(ACTIVITY):
Would you output all the lines below precisely as they stand, leaving each picture out?

(SUPPLIED DATA):
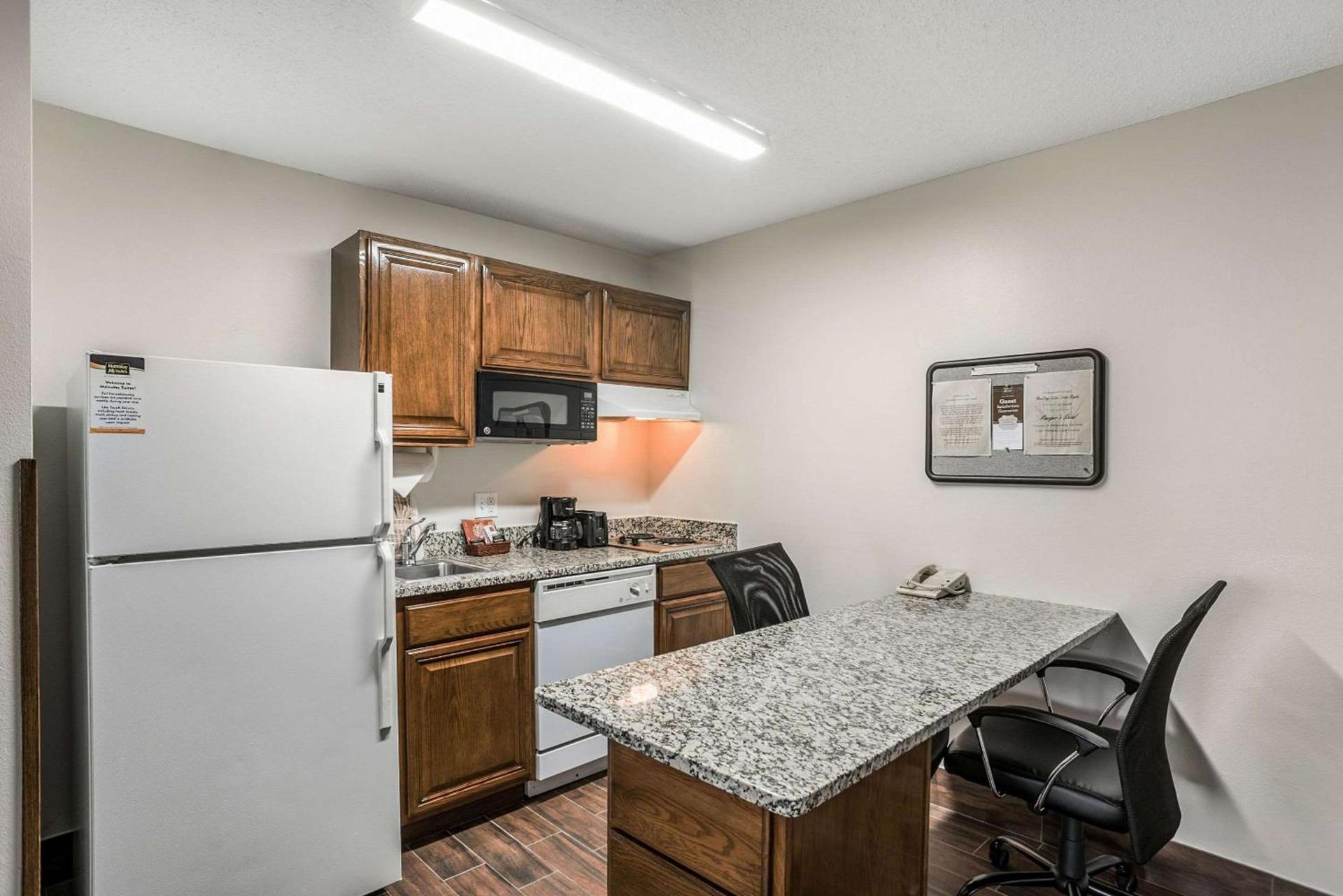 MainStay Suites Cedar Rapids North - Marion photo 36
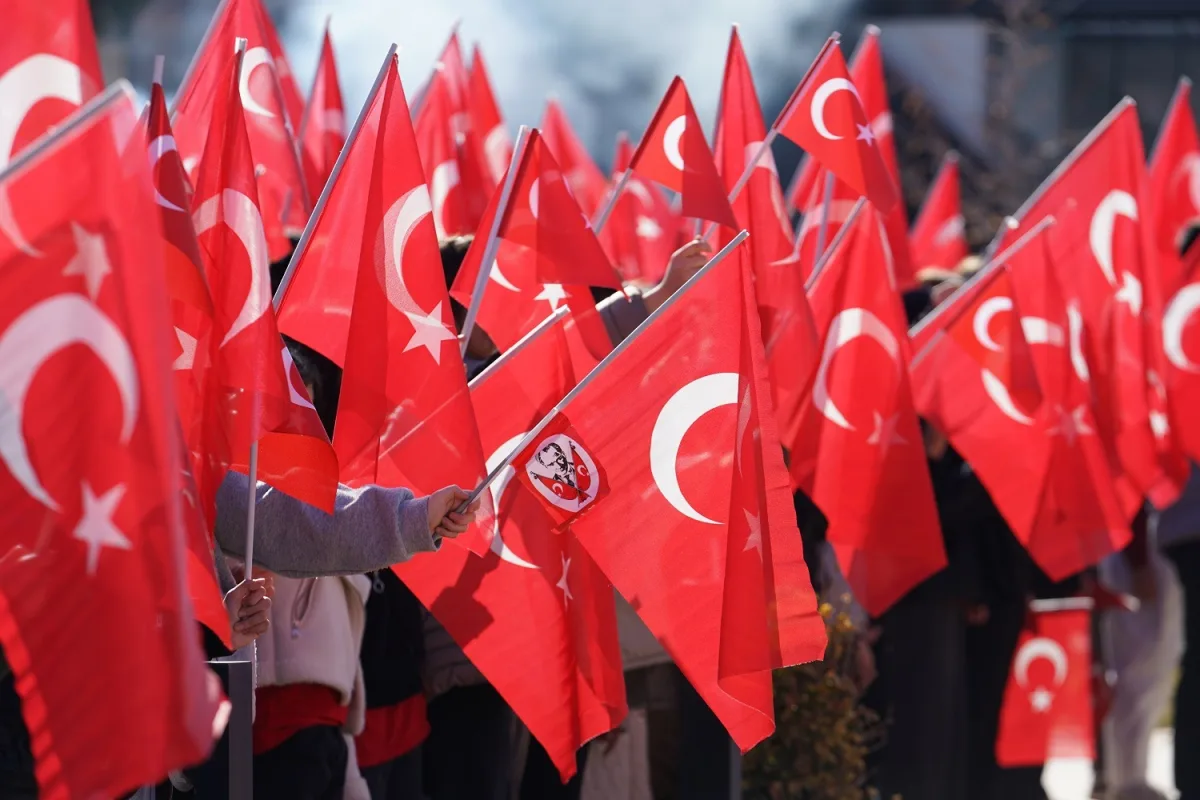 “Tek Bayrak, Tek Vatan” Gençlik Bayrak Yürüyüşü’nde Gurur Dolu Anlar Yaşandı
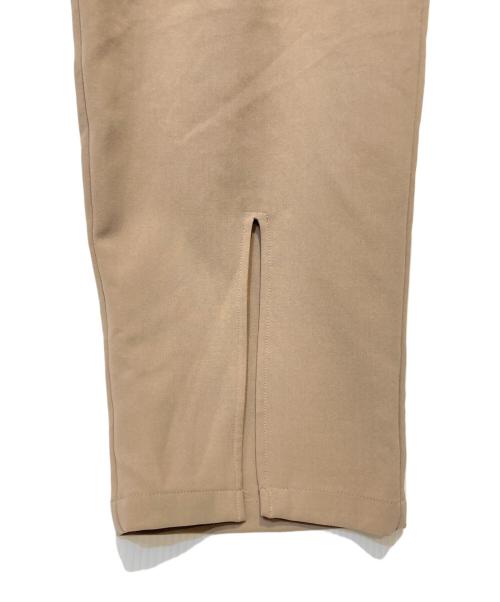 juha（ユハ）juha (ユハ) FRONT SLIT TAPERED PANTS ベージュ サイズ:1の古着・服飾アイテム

(RESPONSE BOX):
 MainStay Suites Cedar Rapids North - Marion photo 36
 “Tek Bayrak, Tek Vatan” Gençlik Bayrak Yürüyüşü’nde Gurur Dolu Anlar Yaşandı
 juha（ユハ）juha (ユハ) FRONT SLIT TAPERED PANTS ベージュ サイズ:1の古着・服飾アイテム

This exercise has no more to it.